Where does Ford get their stuff for that new F150 ecobox truck?

just the tip's picture

losing 60K jobs in a country of how many.  no worries.  more and cheaper labor for the competitors.  let it fail and erase the debt.  one of the princelings will re-open it, with an off the books loan.  problems solved.

dunce's picture

The USA subsidized aluminum production for many years by building huge dams on the taxpayers dime to provide cheap electricity to our producers.  Could obama's war on coal made it cheap enough to give chinese producers an advantage? I suspect domestic demand growth and private utility complaints have forced our hydro rates up.

truthalwayswinsout's picture

This is the MOTHER OF ALL BOMBS (MOAB.  There are over 1000 companies in China with overcapacity, and fraudulent balance sheets with a total value equal to over $4 Trillion. They are all on the verge of bankruptcy.  They have been bankrupt for the past 2-3 years but it has all been hidden. Hence the MOTHER OF ALL LIES (MOAL)

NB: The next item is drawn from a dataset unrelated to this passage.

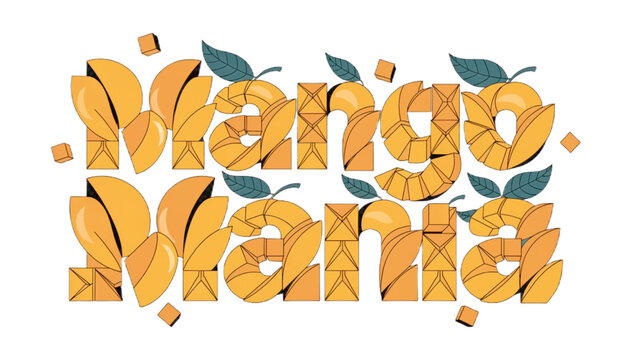 Mango Mania bold playful typography built from mango slices and cubes, EPS vector transparent background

When this baby blows, and it is getting closer as currency exchange is vastly negative for all the individual rats leaving the ship, it will be 3-4 times worse than the Great Depression.

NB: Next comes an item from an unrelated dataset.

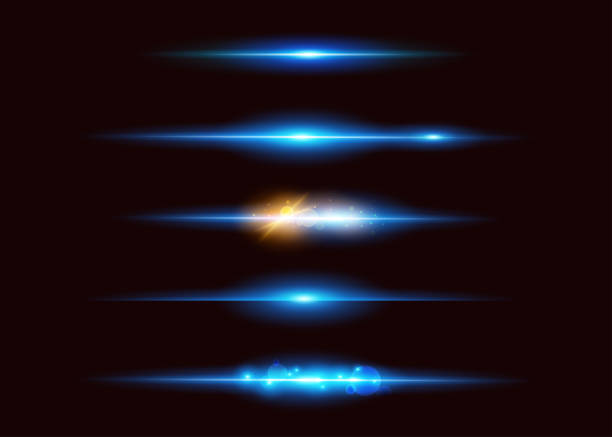 vektor neon fényhatások halmaza. absztrakt izzó kék vonal. felhasználói felületek tervezési eleme. átlátszó lencse fáklya hatás. futurisztikus vibráló glow a játék design, banner, poszter, button. - egyetlen vonal témájú stock illusztrációk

Last of the Middle Class's picture

Holy shit, do these dumb shits not get what QE is for? To bail out overleveraged, debt ridden, poorly managed, massive corporations at the expense of the rest of society. I mean damn, guys wake the fuck up.

aloha_snakbar's picture

Too big to foil...

robertocarlos's picture

Opps, sorry. We should have ended this thread on your post.

robertocarlos's picture

It is ALUMINIUM. Why can't you get it right?